NATO: MATAR É O MAIOR NEGÓCIO
2019-12-11
Outro ângulo de abordagem da recente Cimeira da NATO: o do negócio. A NATO transformou a matança na normalidade vigente e fez disso o grande negócio que torna monstruosos os lucros do complexo militar e industrial que gere os Estados Unidos e comanda o império. E sendo essa matança “o maior negócio do Ocidente”, como escreve o analista geopolítico Peter Koenig, todos os argumentos são necessários para justificar a existência de uma aliança que, em boa verdade, não tem razões para existir – além de ser antidemocrática. Por isso, os “inimigos” são inventados para que o chorudo negócio da morte não morra.
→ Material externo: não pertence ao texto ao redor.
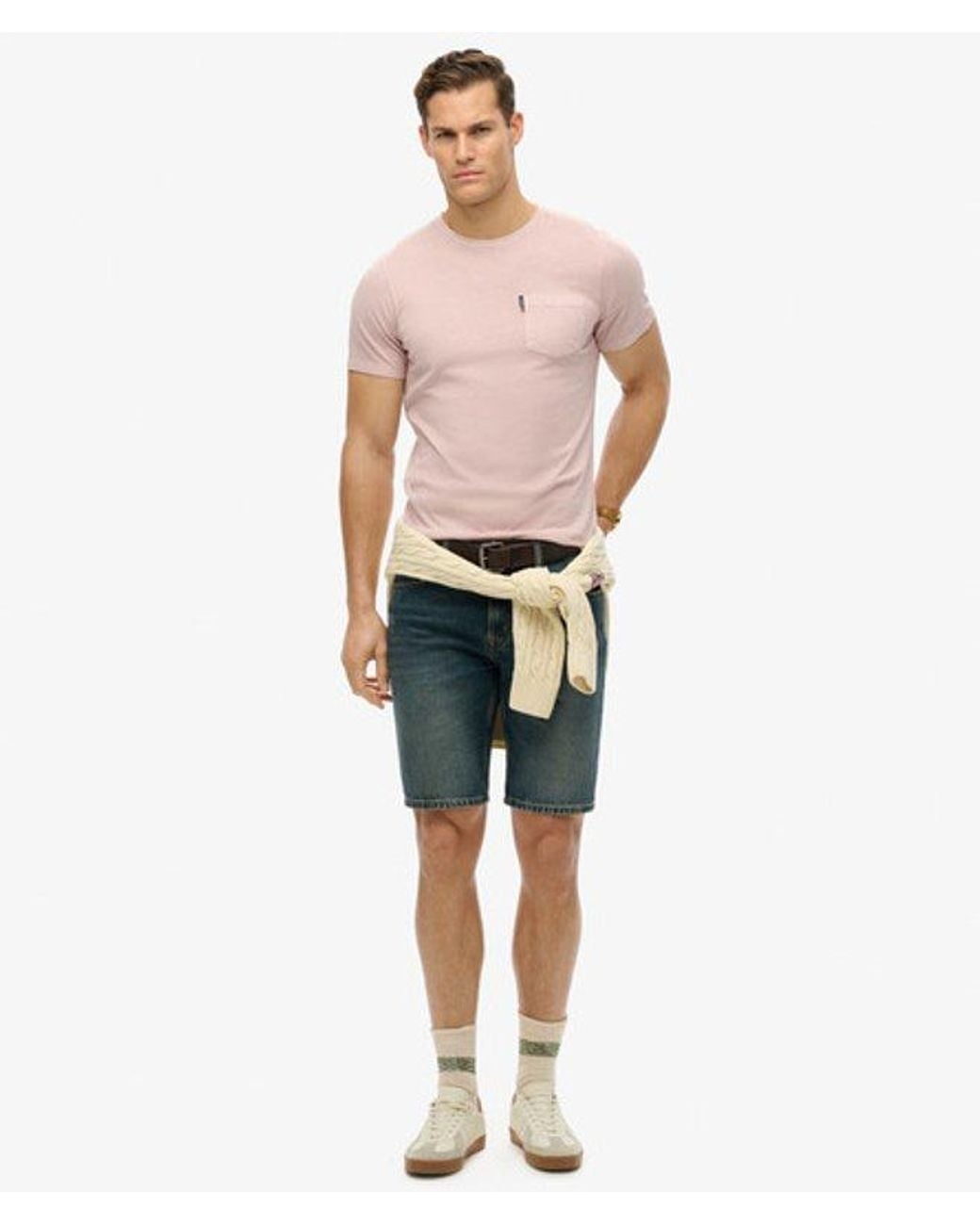 Superdry Pink & Co Classic Essential Pocket T-shirt for men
Peter Koenig*, New Eastern Outlook/O Lado Oculto
Os resultados da cimeira de dois dias da NATO ainda estão quentes e dizer que a organização está perante uma crise é um eufemismo. A crise é de tal ordem que o presidente norte-americano, Donald Trump, cancelou a conferência de imprensa final argumentando que houve encontros suficientes com a comunicação social mas dando a entender, mais honestamente, que os conflitos entre os parceiros da aliança são tantos que não é conveniente expô-los mais perante a imprensa.
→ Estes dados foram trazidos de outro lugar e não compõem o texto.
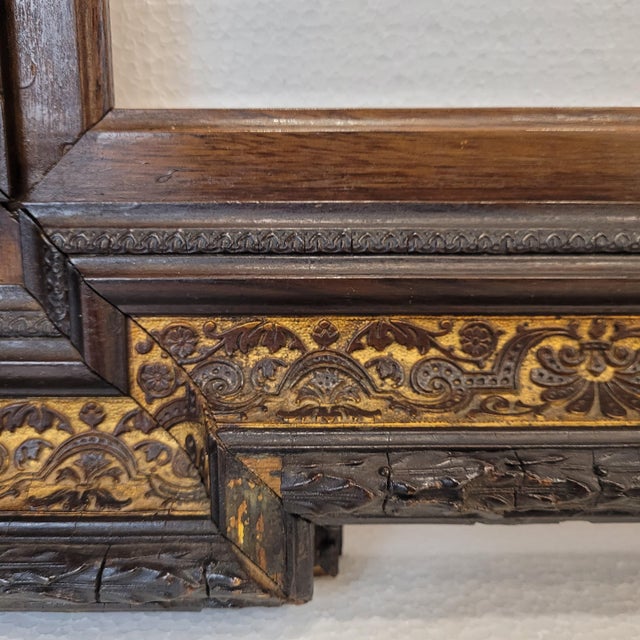 Frame in Carved Wood, Spain, 1890s For Sale - Image 11 of 18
Ainda antes do seu início a Cimeira ficou marcada por declarações do presidente francês, Emmanuel Macron, afirmando que a NATO está em “morte cerebral”. Por uma vez tem razão. Trump acusou-o de ser “desrespeitoso” por recorrer a uma expressão não apenas inapropriada mas também insolente. O presidente dos Estados Unidos criticou Macron e todos aqueles que manifestaram qualquer tipo de dúvida perante a necessidade de continuar a existir uma aliança militar deste tipo.
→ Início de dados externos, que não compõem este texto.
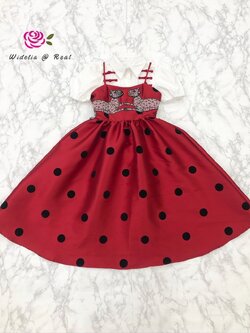 Korea Set เซ็ทเสื้อกับเดรสสายเดี่ยวสุดน่ารัก (แดง)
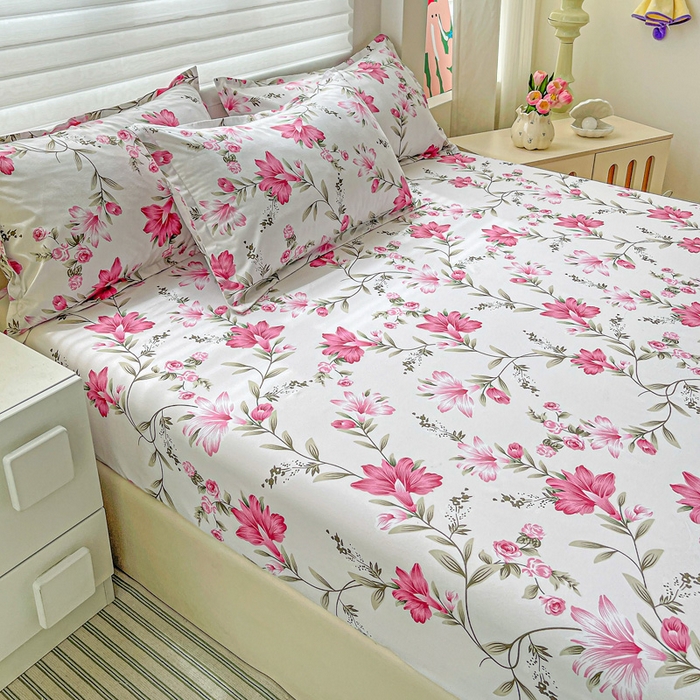 91家纺网 家纺一手货源 找家纺 朵朵家纺 2025新款亲肤棉芦荟棉床笠单床笠，磨毛床笠，印花床笠（可定制尺寸 ）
Trump abandonou a reunião antes do encerramento. Há quem diga que essa saída precoce se deveu ao pouco entusiasmo com que os participantes encaram a persistente exigência de aumento do orçamento militar dos Estados membros para pelo menos dois por cento do PIB. Trata-se, de facto, de impôr um exercício de gastos adicionais de recursos que a maioria dos países poderia usar em programas sociais muito necessários.
Os miolos da marionete
Os derrotados da reunião foram Trump, a NATO – e, certamente, a marionete da aliança, Jens Stoltenberg, o secretário-geral mais tempo em funções na história recente, desde 2014 e para continuar. Ainda há quem se interrogue sobre as razões pelas quais sendo Stoltenberg um político norueguês com carreira feita e com miolos para pensar por conta própria luta desta maneira por uma causa perdida. Stoltenberg sabe muito bem que a Rússia e a China não são inimigos do Ocidente, que são perigos inventados por Washington porque o império necessita deles para continuar a instigar conflitos e a travar guerras de biliões de dólares de modo a alimentar os lucros do complexo militar e industrial.
Porque sim, caro leitor, no nosso mundo neoliberal, aliás cada vez mais inclinado para um mundo de comportamentos fascistas, matar é bom para os negócios – na realidade, matar é o maior negócio do mundo ocidental.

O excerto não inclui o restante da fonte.